Alvin Powell

No. 73
- Position:: Guard

Personal information
- Born:: November 19, 1959 (age 65)

Career information
- College:: Winston–Salem State
- Supplemental draft:: 1984: 2nd round, 49th pick

Career history
- Oklahoma/Arizona Outlaws (1984–1985); Seattle Seahawks (1987–1988); Miami Dolphins (1989); Cleveland Thunderbolts (1992);

Career NFL statistics
- Career Games Played:: 20
- Career Kickoffs Returned:: 3
- Career Kickoff Return Yards:: 23
- Stats at Pro Football Reference
- Stats at ArenaFan.com

= Alvin Powell =

American football player (born 1959)

Alvin Robert Powell II (born November 19, 1959) is a former National Football League guard. actor and celebrity bodyguard. He currently speaks about drug awareness and substance abuse.

==Football career==
Powell spent the 1984 USFL season with the Oklahoma Outlaws based in Tulsa and then moved with the team in 1985 to become one of the Arizona Outlaws based in Tempe, Arizona, after Oklahoma had merged with the Arizona Wranglers. He blocked for among others, quarterback Doug Williams who would later win Super Bowl XXII with the Washington Redskins.
Powell was drafted into the NFL in 1984 by the Seattle Seahawks, in the second round of the 1984 NFL Supplemental Draft of USFL and CFL Players (49th overall).
Powell joined the NFL in 1987 with the Seattle Seahawks. The team was moderately successful that year, winning nine games, and losing six, before losing to the Houston Oilers in the AFC Wildcard playoff. The next year, the team won nine games, and lost seven, before losing to the Cincinnati Bengals in the AFC Divisional Playoff.

He joined the Miami Dolphins in 1989, but only played in two games before resigning.

He played with the London Monarchs of the World Football League from 1991 to 1992.

In his first season with the Seattle Seahawks (1987), he was involved in three kickoffs, gaining 23 yards. However, 14 of those came from one kickoff. He also fumbled the ball once. After that season, he never was involved in another NFL kickoff. In 1987, he played in a career-high twelve games. That number sank to six the next year, and to two by 1989.

==Filmography==

- The Whole Nine Yards
- Lucky Number Slevin
- Snake Eyes

==Drug addiction and counseling==
Powell started using crack cocaine in 1985, and by 1988 was addicted to cocaine, and was smoking marijuana and drinking significant amounts of alcohol.

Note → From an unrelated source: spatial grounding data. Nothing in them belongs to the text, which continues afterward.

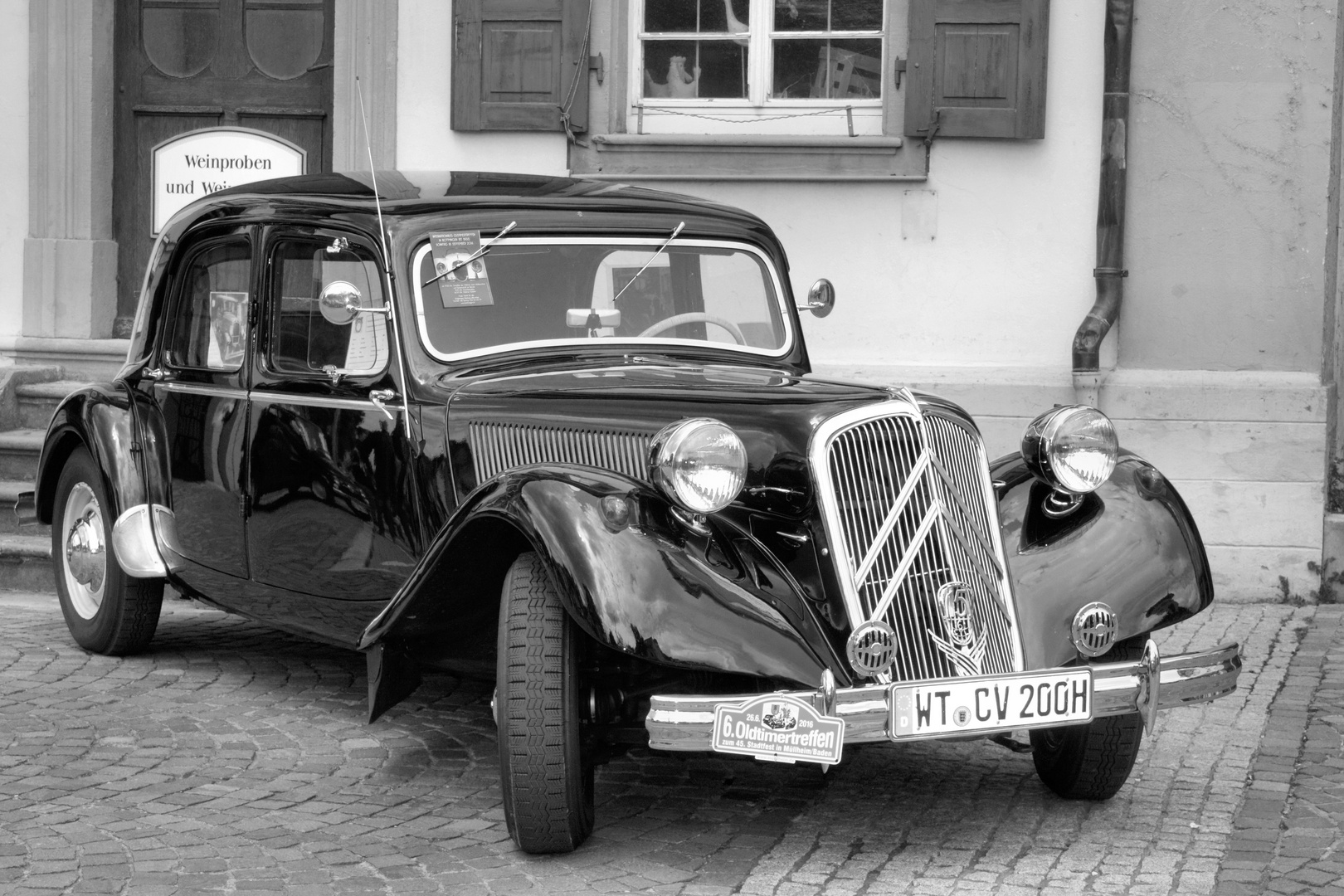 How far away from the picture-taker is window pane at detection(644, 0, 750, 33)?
8.43m

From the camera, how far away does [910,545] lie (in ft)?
12.6

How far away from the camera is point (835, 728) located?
11.3 ft

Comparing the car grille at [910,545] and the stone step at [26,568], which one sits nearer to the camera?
the car grille at [910,545]

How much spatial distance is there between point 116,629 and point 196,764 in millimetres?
1457

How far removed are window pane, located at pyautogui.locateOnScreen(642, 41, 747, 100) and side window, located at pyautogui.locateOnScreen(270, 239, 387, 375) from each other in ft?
12.1

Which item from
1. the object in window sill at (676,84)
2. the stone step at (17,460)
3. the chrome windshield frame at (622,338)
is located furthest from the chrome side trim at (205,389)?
the object in window sill at (676,84)

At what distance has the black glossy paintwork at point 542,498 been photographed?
11.9ft

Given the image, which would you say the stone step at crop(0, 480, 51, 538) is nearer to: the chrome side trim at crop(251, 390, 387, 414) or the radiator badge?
the chrome side trim at crop(251, 390, 387, 414)

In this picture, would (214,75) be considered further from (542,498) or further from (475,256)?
(542,498)

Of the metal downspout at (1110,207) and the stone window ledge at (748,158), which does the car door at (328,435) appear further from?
the metal downspout at (1110,207)

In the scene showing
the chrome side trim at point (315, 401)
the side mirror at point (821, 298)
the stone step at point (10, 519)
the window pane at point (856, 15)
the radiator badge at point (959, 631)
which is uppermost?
the window pane at point (856, 15)

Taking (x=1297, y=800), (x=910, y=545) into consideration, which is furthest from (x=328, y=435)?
(x=1297, y=800)

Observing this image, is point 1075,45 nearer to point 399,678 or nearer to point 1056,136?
point 1056,136

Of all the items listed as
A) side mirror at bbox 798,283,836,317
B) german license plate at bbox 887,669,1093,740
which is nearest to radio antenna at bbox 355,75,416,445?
side mirror at bbox 798,283,836,317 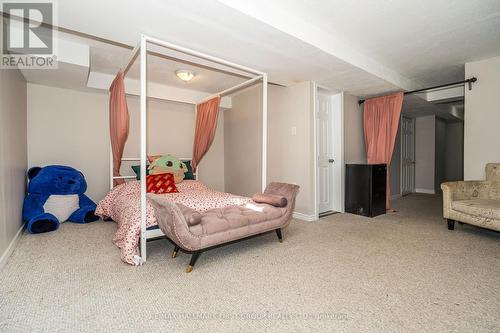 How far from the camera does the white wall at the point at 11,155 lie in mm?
2295

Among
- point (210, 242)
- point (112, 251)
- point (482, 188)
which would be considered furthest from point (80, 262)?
point (482, 188)

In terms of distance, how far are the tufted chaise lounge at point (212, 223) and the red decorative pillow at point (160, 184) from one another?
112 cm

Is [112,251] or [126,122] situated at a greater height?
[126,122]

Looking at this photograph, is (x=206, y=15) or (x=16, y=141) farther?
(x=16, y=141)

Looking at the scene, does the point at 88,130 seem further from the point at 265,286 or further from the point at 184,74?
the point at 265,286

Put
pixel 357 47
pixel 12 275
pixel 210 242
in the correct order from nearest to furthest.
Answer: pixel 12 275, pixel 210 242, pixel 357 47

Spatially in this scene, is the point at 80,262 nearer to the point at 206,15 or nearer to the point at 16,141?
the point at 16,141

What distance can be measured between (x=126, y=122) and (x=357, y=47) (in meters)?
2.95

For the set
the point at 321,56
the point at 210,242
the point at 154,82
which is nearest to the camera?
the point at 210,242

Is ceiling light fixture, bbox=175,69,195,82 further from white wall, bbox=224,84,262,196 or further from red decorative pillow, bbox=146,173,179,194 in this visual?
red decorative pillow, bbox=146,173,179,194

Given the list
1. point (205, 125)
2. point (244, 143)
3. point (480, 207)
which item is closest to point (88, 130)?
point (205, 125)

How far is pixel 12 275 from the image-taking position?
1983 millimetres

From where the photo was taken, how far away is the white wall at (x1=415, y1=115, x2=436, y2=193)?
6543mm

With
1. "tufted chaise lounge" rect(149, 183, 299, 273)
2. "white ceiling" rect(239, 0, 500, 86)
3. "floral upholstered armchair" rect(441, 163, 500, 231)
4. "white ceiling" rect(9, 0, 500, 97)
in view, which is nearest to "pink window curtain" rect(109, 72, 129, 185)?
"white ceiling" rect(9, 0, 500, 97)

Powell currently is a substance abuse counselor, helping people combat their drug problems. He also speaks at schools about drugs. Despite the fact that he is a devout Christian, he says that he never forces the people who he helps to believe in God.

He runs the Saving Station Foundation, which teaches people about the dangers of drugs. It is based in Montreal, Quebec, Canada.